The Uniqueness of Things

One pronounced philosophical trend I have seen in OSR circles is a general attitude in favor of what I would call the uniqueness of things. By this I mean the idea of downplaying (even radically so) the standard list of monsters and magic items, in favor of making each of them unique. For instance, in Lamentations of the Flame Princess, James Raggi purposefully omitted the standard catalog of monsters. And Jeff Rients has put out a call (which I contributed to) for unique artifacts and oddments to replace many of the "standard" magic items. But it's had me thinking.

Personally I will admit to feeling cramped by the number and variety of monsters usually available in Dungeons & Dragons. I've always been a fan of new monster collections, and of products like Raggi's Random Esoteric Creature Generator, which help to spice things up beyond the very plain set of creatures you normally see. I also agree with the sentiment that monsters should be monstrous, and not familiar.
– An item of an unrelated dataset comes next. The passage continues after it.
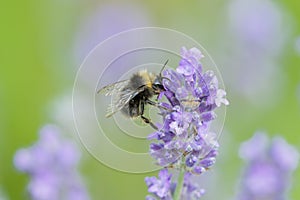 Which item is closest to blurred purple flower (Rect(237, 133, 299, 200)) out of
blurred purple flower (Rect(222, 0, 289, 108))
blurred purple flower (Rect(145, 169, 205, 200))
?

But...certain things seem iconic to me, too much so to let go. To say it's D&D with no orcs, and no swords + 1, may be true but it's a somehow diminished D&D. It's like running without clerics or something - you can do it, and it may be great for flavor, but it's a difference. At the same time, there is shock value in the new, but I think it can wear out more easily than people have given it credit for. If things are always unique, then uniqueness itself isn't as special - it becomes the new normal.

So I see merit in both keeping our traditional approaches, and to varying it up. Which, to be honest, 3rd edition had by the bucket-load. DMs complained through the 3.x era that single encounters took longer to stat out than they did to run - and these didn't exactly fly by. I think that we have to learn from that, the lesson that making every monster totally variable simply takes too long to actually make it a practical solution to the problem of monsters being one-note. Templates, statistics, feats and so on are simply an overload for something that is at best a single usage.

All of these factors suggest, almost naturally, a solution. Unlike 3.x, which reveled in adding layer after layer to monsters, the old school does things straightforwardly. Most creatures don't have ability scores of any kind, or rankings beyond HD, AC, and their methods of attacks. A solution that I think really embraces this is to make monsters different in one dimension. This can be radically varied; a tribe of orcs may take half damage from fire, or an ogre may have a plague of rats at its command, or the giant rats might have wings, or a lizardman may have acidic blood that corrodes or destroys weapons that hit it. The thing to take away is one variation per monster, for most of the standard creatures that will be encountered. Big ones could use the "Random Esoteric Creature Generator" or similar; smaller foes can be traditional but with a twist.

Of course, this pretty much sets up how the book with the trap charts is going to develop - into a whole big book of stuff for your old school Dungeons & Dragons game. We'll see how it goes. Any thoughts on directions to go with this would be greatly appreciated.

6 comments:

  1. I'm not for eliminating the standards. I still use goblins and +1 swords and gold pieces. What I'm for is 1) Better, wiser use of the ol' standby stuff and 2) more good options.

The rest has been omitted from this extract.